Welcome to the Internet of Things.

You might be thinking that’s just not possible, but I’m sure fans of Star Trek in the 1960s didn’t think most of that technology was possible either.

Most organizations worry about protecting their networks and data (which is really your data but I don’t have enough space to go into that right now) and applications. The Internet of Things will mean they also need to worry about the security of the devices and applications they communicate with – both directly and through third-party apps.

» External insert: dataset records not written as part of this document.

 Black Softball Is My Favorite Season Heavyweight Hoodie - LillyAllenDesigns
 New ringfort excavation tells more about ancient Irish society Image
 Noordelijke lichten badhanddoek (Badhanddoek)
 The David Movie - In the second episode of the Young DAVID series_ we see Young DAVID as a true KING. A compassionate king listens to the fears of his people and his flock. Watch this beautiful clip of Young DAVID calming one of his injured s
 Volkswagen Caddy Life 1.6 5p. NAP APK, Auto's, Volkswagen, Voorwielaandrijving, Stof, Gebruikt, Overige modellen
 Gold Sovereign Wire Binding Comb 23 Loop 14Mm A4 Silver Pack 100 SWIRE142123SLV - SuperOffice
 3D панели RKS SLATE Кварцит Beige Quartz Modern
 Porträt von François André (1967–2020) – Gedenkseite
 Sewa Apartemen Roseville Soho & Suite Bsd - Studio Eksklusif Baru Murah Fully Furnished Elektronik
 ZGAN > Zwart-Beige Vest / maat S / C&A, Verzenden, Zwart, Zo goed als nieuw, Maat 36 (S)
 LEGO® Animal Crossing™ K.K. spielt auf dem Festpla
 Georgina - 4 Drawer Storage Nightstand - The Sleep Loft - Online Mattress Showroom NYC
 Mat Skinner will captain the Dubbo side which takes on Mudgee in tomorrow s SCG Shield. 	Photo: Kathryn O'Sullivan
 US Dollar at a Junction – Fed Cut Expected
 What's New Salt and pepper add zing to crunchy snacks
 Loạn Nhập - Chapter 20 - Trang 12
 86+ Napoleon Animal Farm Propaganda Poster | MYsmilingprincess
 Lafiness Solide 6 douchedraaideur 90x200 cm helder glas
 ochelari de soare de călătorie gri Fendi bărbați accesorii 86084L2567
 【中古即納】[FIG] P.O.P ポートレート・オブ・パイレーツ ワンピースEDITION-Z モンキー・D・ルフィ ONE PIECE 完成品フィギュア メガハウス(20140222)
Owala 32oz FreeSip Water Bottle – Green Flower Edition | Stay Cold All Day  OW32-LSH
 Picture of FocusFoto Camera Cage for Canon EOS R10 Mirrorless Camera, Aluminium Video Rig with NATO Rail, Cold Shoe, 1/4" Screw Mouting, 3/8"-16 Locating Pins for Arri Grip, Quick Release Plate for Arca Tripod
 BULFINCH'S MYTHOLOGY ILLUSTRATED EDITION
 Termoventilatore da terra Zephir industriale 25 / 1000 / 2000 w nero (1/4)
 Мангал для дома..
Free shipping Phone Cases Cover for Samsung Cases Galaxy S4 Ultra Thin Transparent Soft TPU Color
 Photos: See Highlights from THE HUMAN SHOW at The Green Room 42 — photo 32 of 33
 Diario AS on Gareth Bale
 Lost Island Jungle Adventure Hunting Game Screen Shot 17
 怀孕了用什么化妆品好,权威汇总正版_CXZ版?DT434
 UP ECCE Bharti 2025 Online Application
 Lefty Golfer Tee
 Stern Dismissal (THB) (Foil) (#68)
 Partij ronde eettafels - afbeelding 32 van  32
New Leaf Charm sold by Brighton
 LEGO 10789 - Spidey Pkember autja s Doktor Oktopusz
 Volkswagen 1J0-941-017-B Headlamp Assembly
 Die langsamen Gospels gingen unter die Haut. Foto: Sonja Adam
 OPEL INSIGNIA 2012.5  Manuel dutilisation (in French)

While you can of course turn off the TV things get a bit more murky when you consider other things, like cars. Right now the APIs made available (and that’s important to note, made available to developers does not mean there aren’t more that are ‘hidden’) are limited to pretty innocuous functions involving GPS and music and communications. But cars today are complex mechanical and digital beasts, driven as much by computerized components as they are by piston rods and axles. The consequences of a security ‘mistake’ are far greater than having to replace someone’s debit card.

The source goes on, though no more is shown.